I never said your meter was definitely not high.
I said nothing you posted _yet_ supports that conclusion, it is consistent with an in spec meter and a meter that is high by that amount and perhaps (depending on your meters published specs) one that is low by some percent.
So you're already moving the goalposts from your original statement: "All your measurements are consistent with your meter being spot on spec."
What? this is exactly the same statement.
measurements can be consistent with more than one thing that is why I said you cannot conclude anything about your meter yet. They are consistent with the meter being on spec because the measured values are all within the tolerance of the wing shing TL431A part you specified so those measurements can be spot on.
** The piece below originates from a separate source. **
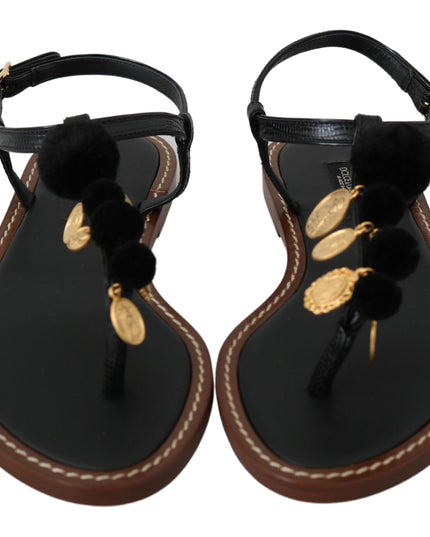 Dolce & Gabbana Black Leather Coins Flip Flops Sandals Shoes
They are also consistent with it being off the nominal value by 0.5% because the TL431A is a 1% part so could be that far in either direction.
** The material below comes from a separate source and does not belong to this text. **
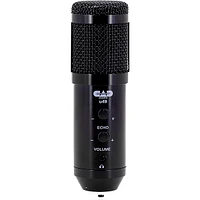 CAD U49 USB Side-Address Studio Microphone With Headphone Monitor and Echo Effects Black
That you cannot in general average a bunch of 1% parts to get a more accurate reading is also well known and empirically tested in daves video.
Now, you may have 0.3% parts, or may not. But when you say wing shing TL431A I can only assume wing shings data on their TL431A part is accurate rather than suppositions from an aliexpress listing, in any case, wing shings official specs are all that matters for making engineering decisions rather than a batch that happened to be 0.3%. Also, no matter what the alibaba listing says, I'd say wing shings datasheet trumps it.
If you bothered to read the full thread, it's not just the tl431a's that suggest my meter is high, the alkaline battery measurements and the SR43 battery measurements suggest that as well. Yet you seem to think that my >10yr old "Mastercraft" CAD$20 meter is a more reliable reference than a sample of 11 new (2015 mrf date) TL431As.
Look, this is metrology. specifications mean very precise things and the conclusions you can reach are well definied. As an engineer, you have to assume the worst. 1% means 1% out in the opposite direction. battery chemistry is so variable (the mercury cell being an unusual exception, my keithley electrometer uses one as its voltage standard, still spot on after >20 years) you cannot definitively make decisions based on it. Like you derate capacitor voltages because i may have the worst batch of the lot and my design might encounter some crazy transients.
In spec for a meter does not mean at its nominal value, it means within 0.1% 1% or whatever the meter guarentees. When a meter guarentees 1% accuracy, it doesn't mean they were only able to trim it within 1%, of course they could trim it to be spot on, on that day, in that lab. but if they know the parts have a 1% drift over temperature range or expected age, or that their calibration meter is only good for 1% then they rate it as 1% accurate so that is stays within spec during its lifetime. When you calibrate a 1% meter that is at 0.9% off, they don't twist the knob back to 0% because that is in spec.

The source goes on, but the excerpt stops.